Complaint seeking adjudication by the Workplace Relations Commission under Section 21 Equal Status Act, 2000 | CA-00028025-001 | 29/04/2019 |
Complaint seeking adjudication by the Workplace Relations Commission under Section 21 Equal Status Act, 2000 | CA-00028026-001 | 29/04/2019 |
Date of Adjudication Hearing: 20/08/2019
Workplace Relations Commission Adjudication Officer: Ewa Sobanska
Procedure:
In accordance with Section 25 of the Equal Status Act, 2000, following the referral of the complaint to me by the Director General, I inquired into the complaint and gave the parties an opportunity to be heard by me and to present to me any evidence relevant to the complaint.
Background:
The Complainant was, at the relevant time, an asylum seeker. He submitted his complaint to the WRC on 29th April 2019 claiming that he was discriminated against by the Respondent on the grounds of race. The Respondent denies the claim. At the WRC hearing the Complainant made an application to anonymise this decision. Having considered the Complainant’s request I am not satisfied that the Complainant put forward compelling reasons to exercise my discretion to anonymise this decision. Specific complaint CA-00028026 which was a duplication of CA-00028025 has been amalgamated with CA-00028025. |
Preliminary matter – time limits
Summary of Respondent’s Case:
The Respondent raised a preliminary matter of time limit. The Respondent submits that it received and processed an application for a learner driver permit from the Complainant on 6th March 2018. While this application did not include satisfactory evidence of normal residence, the Respondent, in error, processed this application and issued the Complainant with a learner permit on 9 March 2018.

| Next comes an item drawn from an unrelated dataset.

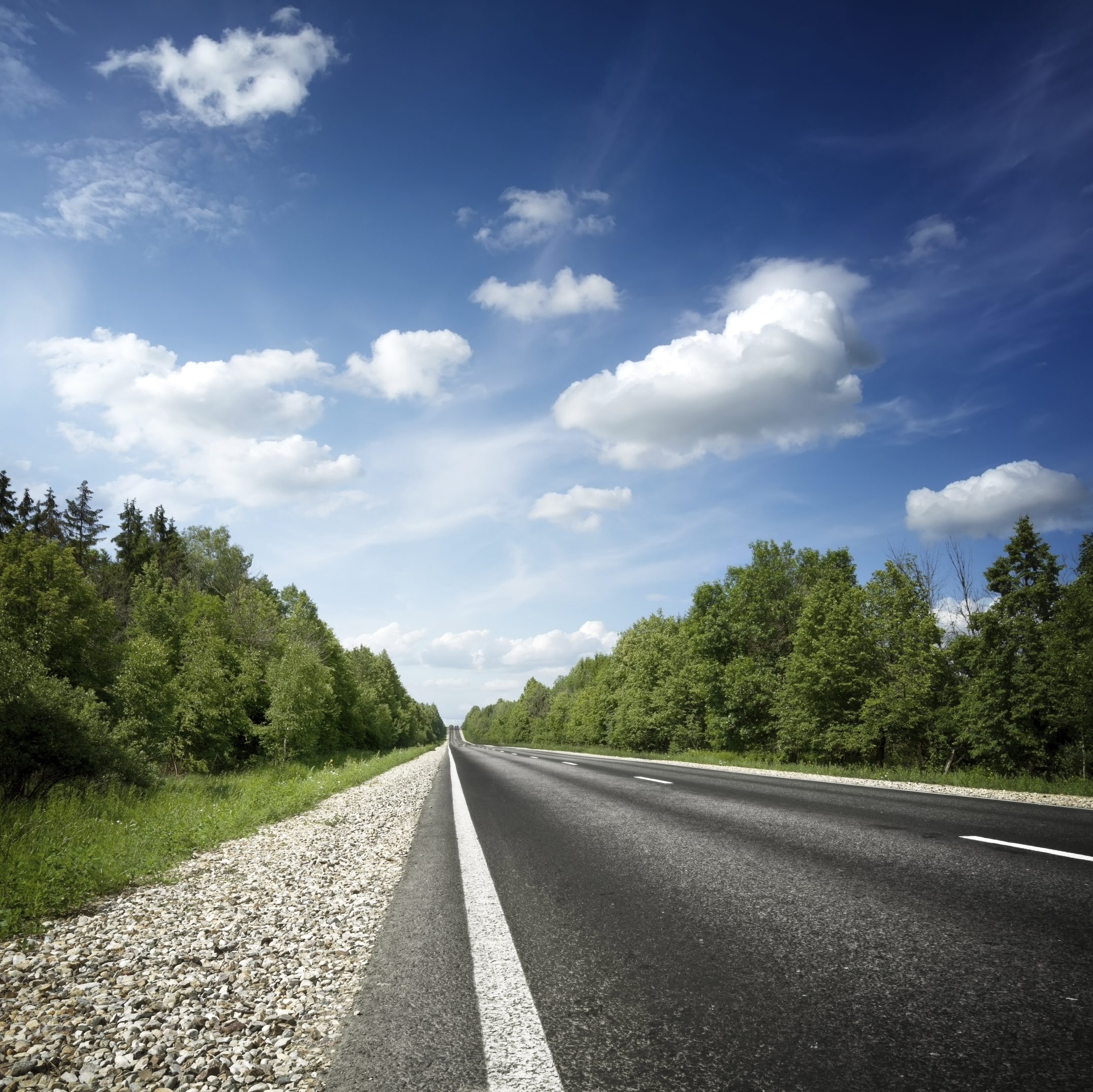 Country Highway Through Forest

The Respondent later received an application for a driving licence from the Complainant on 20th September 2018. The Complainant’s application was rejected on the basis that, in accordance with the requirements of the Guidance Notes and the Regulations, the application failed to include satisfactory evidence of the Complainant’s normal residence in the State.
The Respondent has corresponded with the Complainant and his representatives on various dates since September 2018 to clarify its requirements regarding evidence of normal residence and to apologise for its error in accepting his previous application for a learner driver permit. During the course of correspondence with the Complainant’s solicitor on 1st February 2019, it was indicated by Mr COF of the Respondent that “At the time of your clients first learner permit application in March of 2018, evidence of residency was not required.” This is inaccurate, insofar as the Respondent has adopted the same position in relation to the documentary requirements regarding normal residence since 2013 when it assumed its driving licencing function. The Respondent on various dates indicated to the Complainant and his representatives that the requirements for evidence of normal residence are currently under review by the Department for Transport, Tourism and Sport and are the subject of proceedings before both the High Court and the WRC. The Respondent also stated to the Complainant that it would refund his application fee in the event that he was unable to provide the documentation sought
Following the rejection of the Complainant’s application, the Complainant later was granted a full licence, having furnished the Respondent with satisfactory evidence of his residency entitlement. The Complainant is, therefore, currently a licenced driver in the State.
FORMS ES.1 AND ES.2
After considerable time had elapsed following the rejection of the Complainant’s application, the Respondent received a Form ES.1 from the Complainant on 9th April 2019. The Complainant states that the refusal to accept his proffered evidence of residency amounts to discrimination on the grounds of race. He states that the refusal affects his ability to earn a living as well as the cost of insurance and that he invested time, money and effort in seeking to obtain a driving licence following the granting to him, in error, of a learner permit by the Respondent.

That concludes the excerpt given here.